During the fellowship year, Sippy dove deep into exploration through a series of collagraph prints transforming garments once worn by her two young children. Sippy says, “The transformation of the garment to a printing matrix is a paradox, destroying the garment in the process but creating something new, a remnant of what was there. My fellowship work presents a reflection of loss and grief: of hopes of having a child, of a child since grown, and the loss of a child.”
Fidencio Fifield-Perez was born in Oaxaca, Mexico, but raised in the U.S. after his family migrated. His current work examines borders, edges, and the people who must traverse them. In his work, Fifield-Perez’s interdisciplinary practice centers on the materiality of paper ephemera, everyday self-documents discarded after fulfilling their purpose. Fidencio Fifield-Perez received his BFA from Memphis College of Art and an MA & MFA from The University of Iowa. He has completed artist residencies at The Studios at MASS MoCA, Ox-Bow, ACRE, Crosstown Arts, and the Galveston Artist Residency, among others.
Over the last year, Fifield-Perez has begun to reintroduce the figure into his work. This began with a beautifully rendered stone lithograph depicting his chosen family. He said that previous works, “relied on protection through abstraction. Important documents were shrouded and obscured by the depictions of indoor plants. But in new works, the bodies are present, while often furtive, cut, and embossed.”
We are also excited to welcome Teréz Iacovino to moderate a conversation between 2024 McKnight Printmaking Fellows Grace Sippy and Fidencio Fifield-Perez on their practice, work, and other related topics. The audience will also have the opportunity to ask questions of the artists and Iacovino during the conversation.
About Teréz Iacovino: Teréz Iacovino is the Assistant curator of the Katherine E. Nash Gallery, operated by the Department of Art at the University of Minnesota. Her curatorial practice is continually shaped by the artists she works with, the students she mentors, and her experience as a Latina and first-generation graduate working in academia. Iacovino is the recipient of a Curatorial Research Fellowship Grant from The Andy Warhol Foundation for the Visual Arts and is a 2024 National Association of Latino Arts and Cultures Leadership Institute Fellow. Recent publications include “Unpacking the Portmanteau: Locating Diasporican Art” as part of Nuyorican & Diasporican Visual Art: A Critical Anthology (Duke University Press).

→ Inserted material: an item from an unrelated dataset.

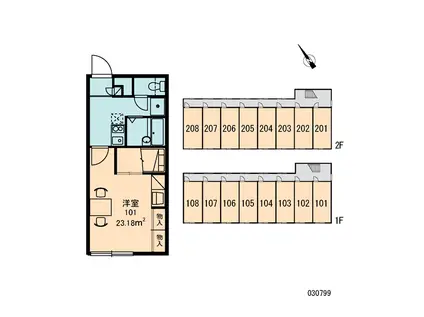 レオパレスクローバー(1K/2階)の間取り写真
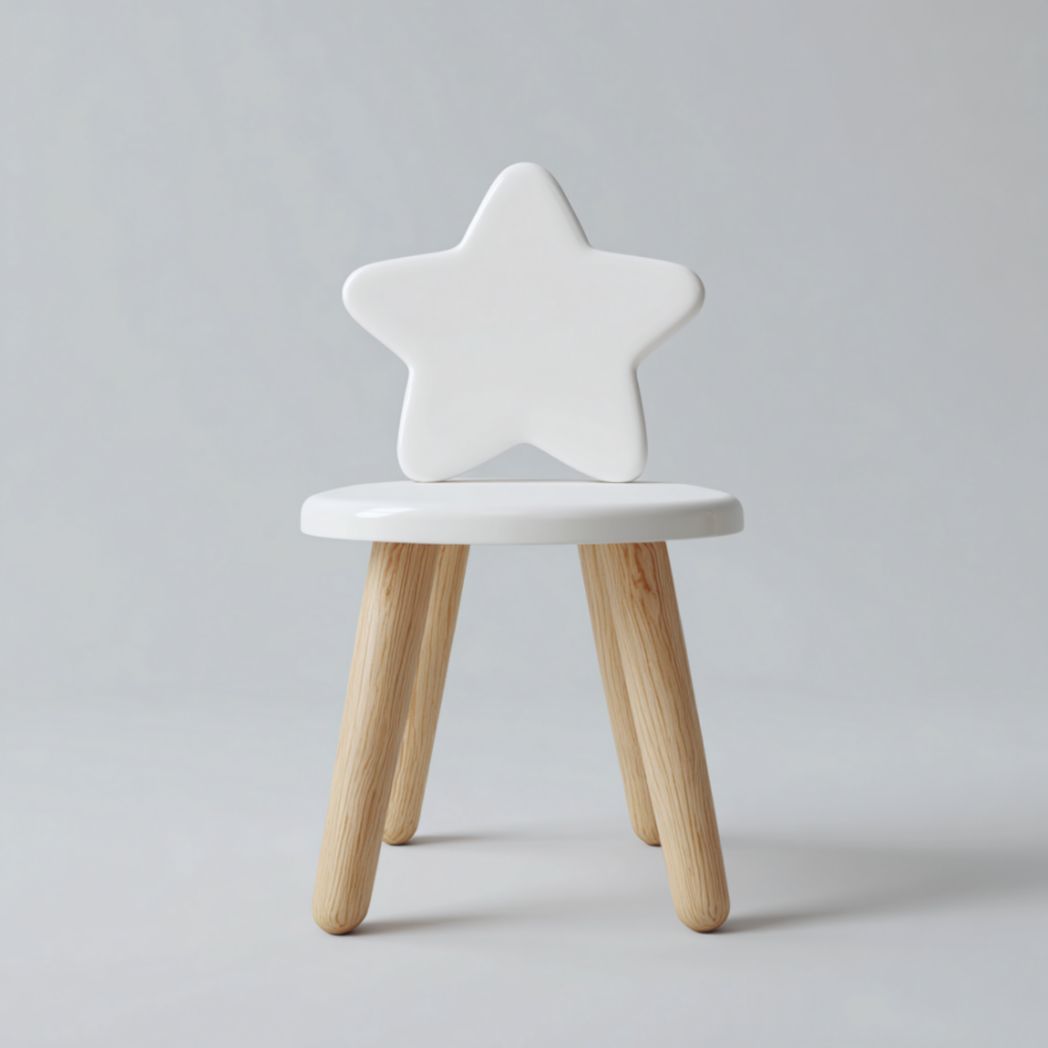 Chaise Enfant en Bois de Pin et de Peuplier avec Dossier en Forme d'Étoile Blanc-Frfurnituredr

Highpoint would like to express our gratitude to the McKnight Foundation for their generous support of this program and Minnesota artists. thank Mike Cloud (visual artist and Associate Professor, Director of Graduate Studies at Northwestern University) and Rachel Skokowski (Director of Galleries and Turner Curator at California State University Chico) for providing their expert insight in reviewing the applications for the 2023 fellowship. We’d also like to thank Miguel Aragon (visual artist and Associate Professor in Printmaking at CUNY College of Staten Island), Emma Nishimura (visual artist and Assistant Professor at OCAD University in Toronto), and Xuxa (Susana) Rodriguez (Patsy R. and Raymond D. Nasher Curator of Contemporary Art at Duke University) for taking time out of their busy schedules to travel to Minnesota to conduct studio visits with Grace and Fidencio.































































The McKnight Printmaking Fellowships are open Minnesota artist/printmakers who are at a career stage that is “beyond emerging” — defined here as artists who demonstrate a sustained level of accomplishment, commitment, and artistic excellence. Fellows are selected on the basis of the artistic merit of their work, and their dedication, interest, and contributions to Minnesota’s arts ecosystem.